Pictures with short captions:
—————

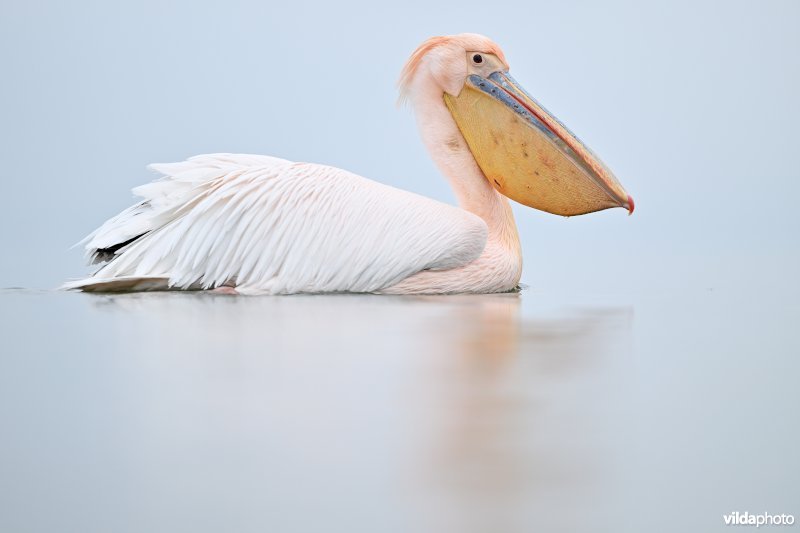 Roze pelikaan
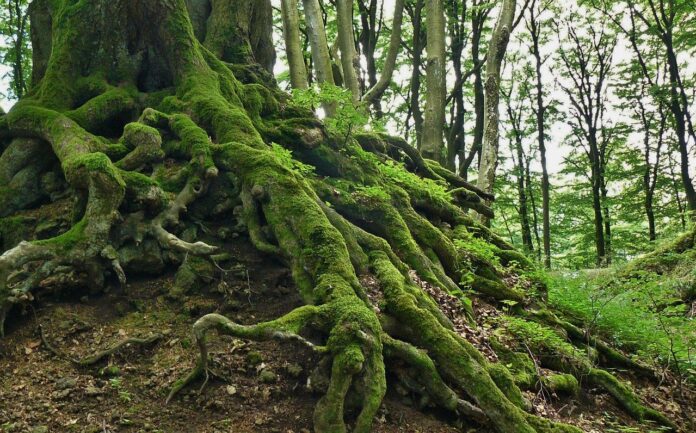 roots roots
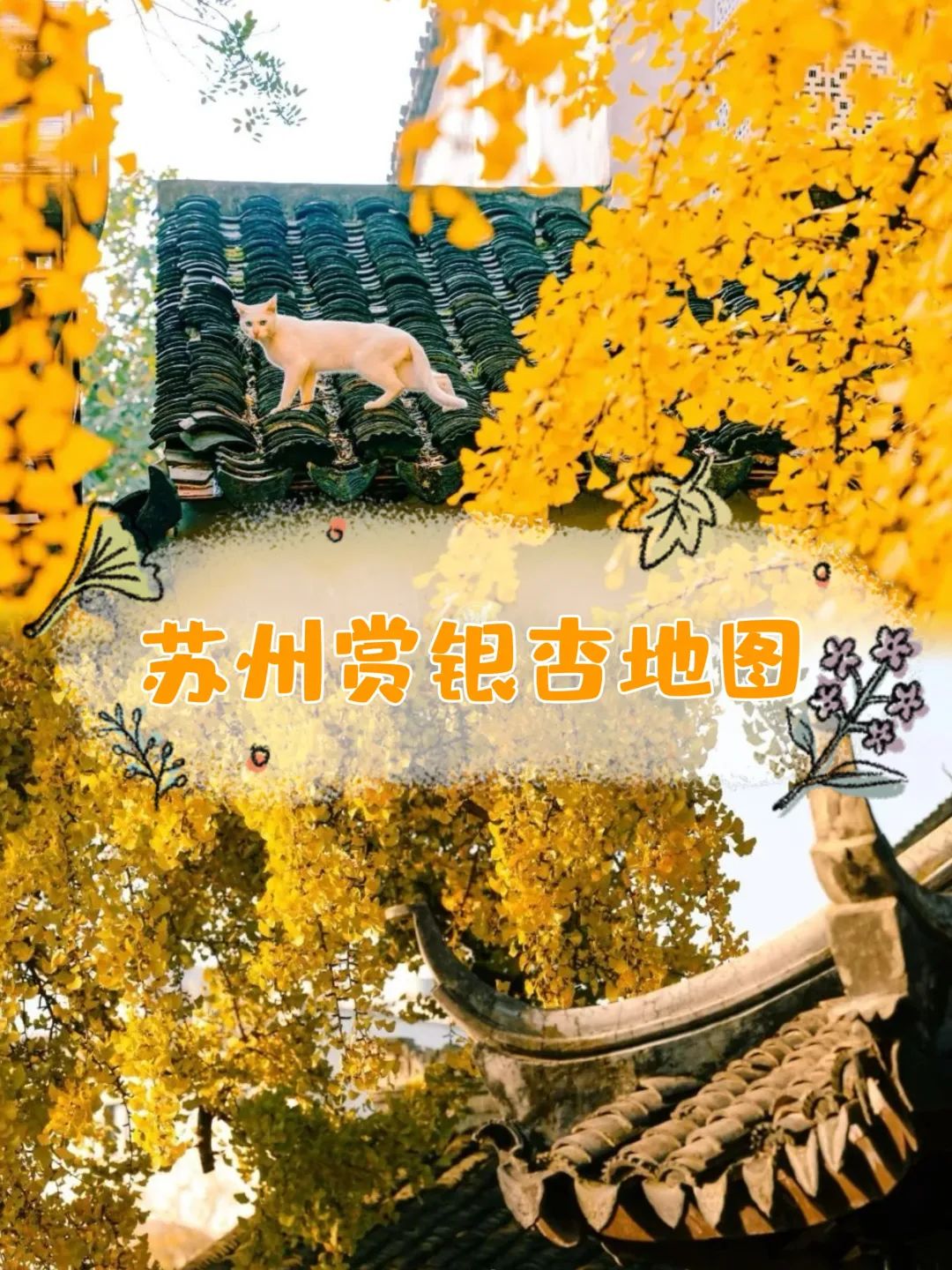 苏州看银杏的地方,12月份苏州赏银杏地图来了，银杏已黄90% %uFF0C仿佛油画一般，拍照..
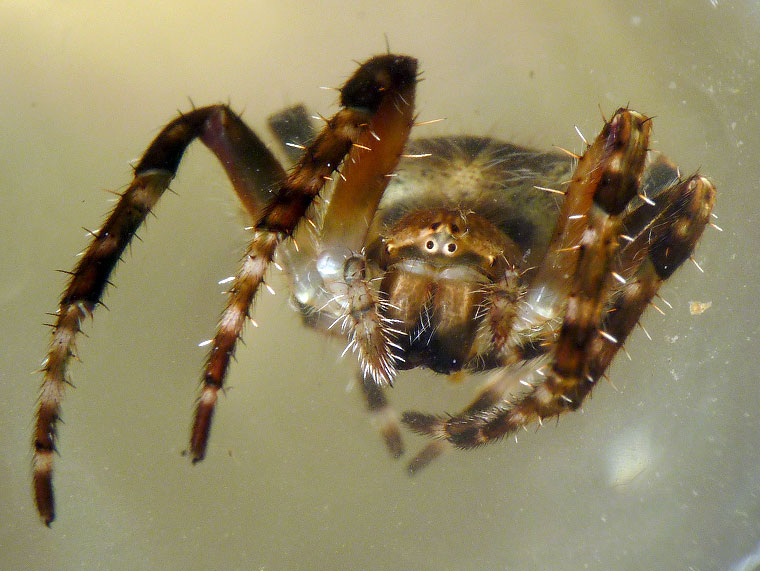 'Araneus' sp fuliginata group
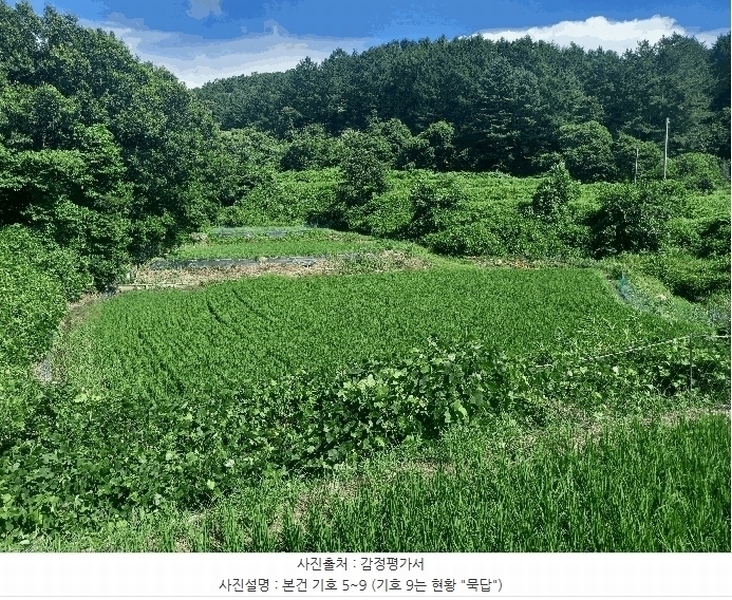 2025타경1051 충청남도 보령시 미산면 옥현리 526-1 농지 경매 이미지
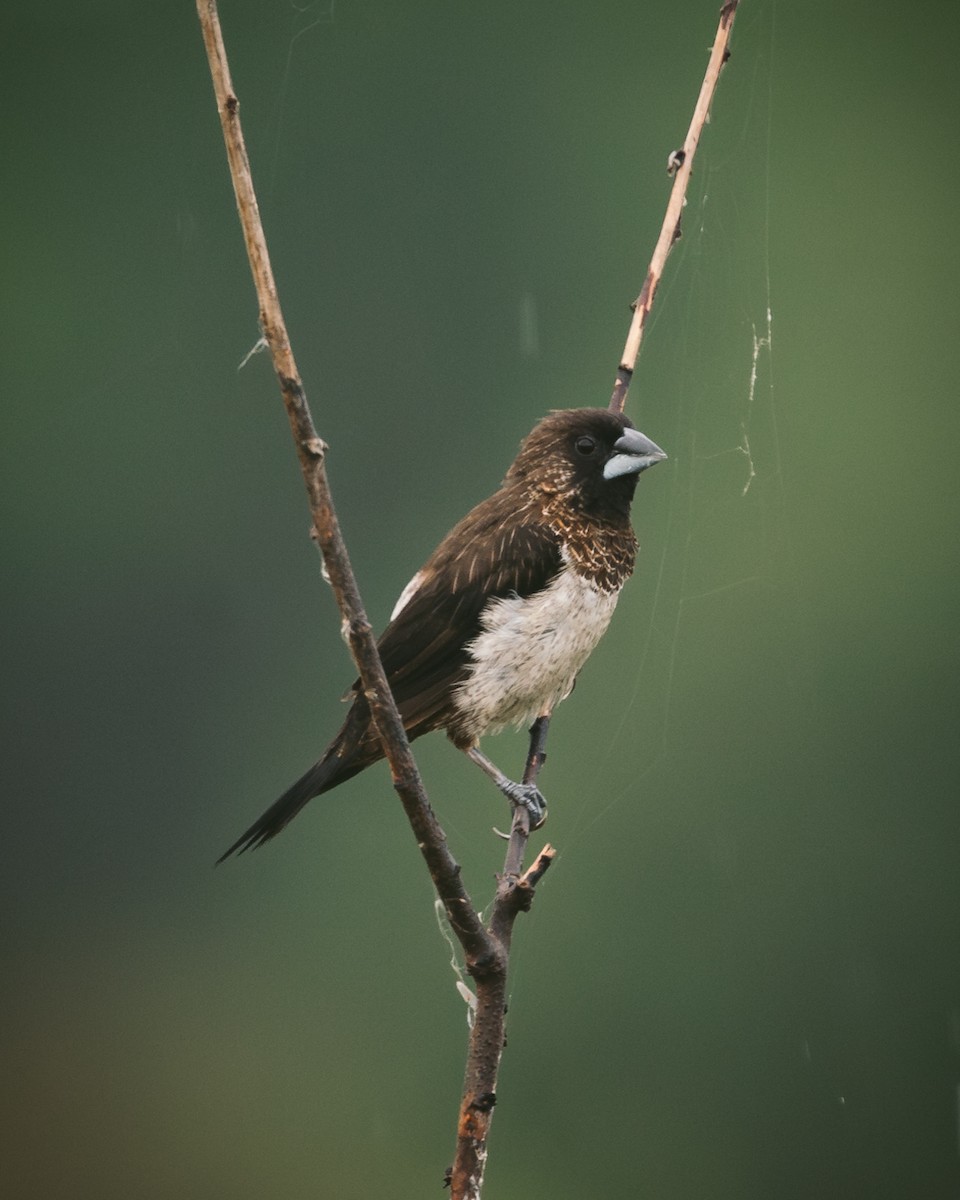 White-rumped Munia - ML620732178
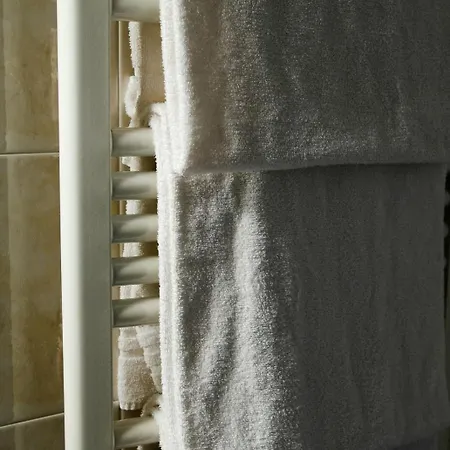 Al Nin Hotel&spa 3* 利维尼奥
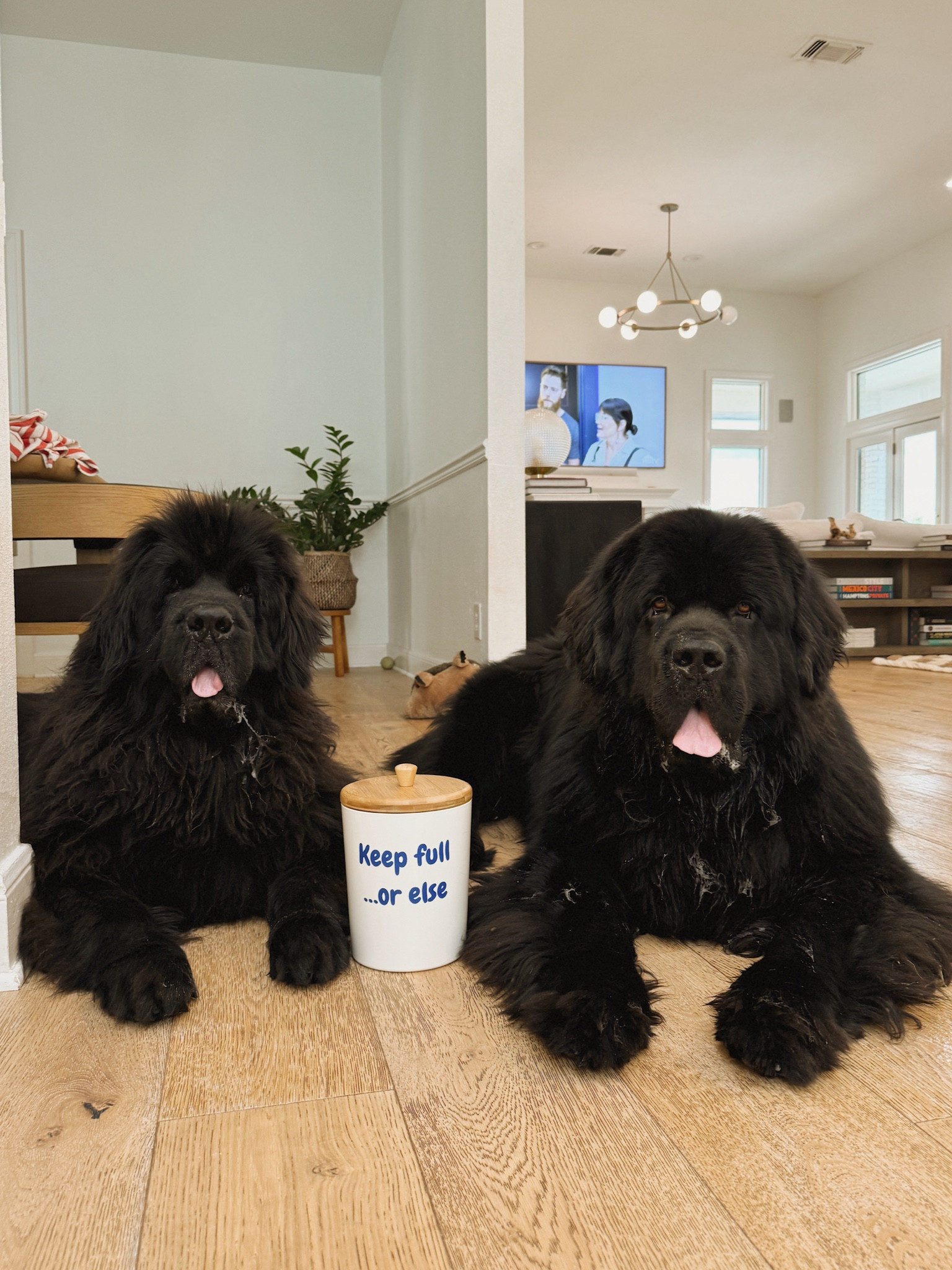 Our friends at chewy sent us this really cute personalized treat jar. And I just had to share the boys’ top treats from Chewy! 
1.- Virbac Veggiedent: same brand as their toothpaste and they love the taste
2.-full moon sliced pork jerky: they’re obsessed with these but they’re a fattier treat so I cut them up in small pieces 
3.- Stewart freeze dried raw liver: probably their all time faves! They’re small pieces so easy to feed.
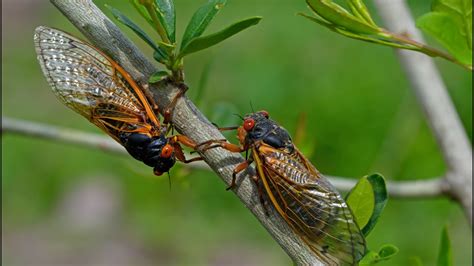 Cicada Broods Map Shows Won T Be As Historic As Some Claim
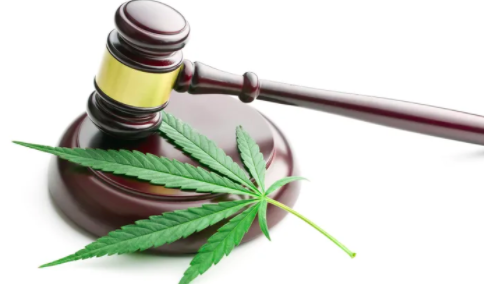 Bill Proposed in Senate to Legalize Marijuana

—————

Instructions to follow »
Copy out the lines of the data where the string "their" occurs.

Written response »
1.- Virbac Veggiedent: same brand as their toothpaste and they love the taste
3.- Stewart freeze dried raw liver: probably their all time faves! They’re small pieces so easy to feed.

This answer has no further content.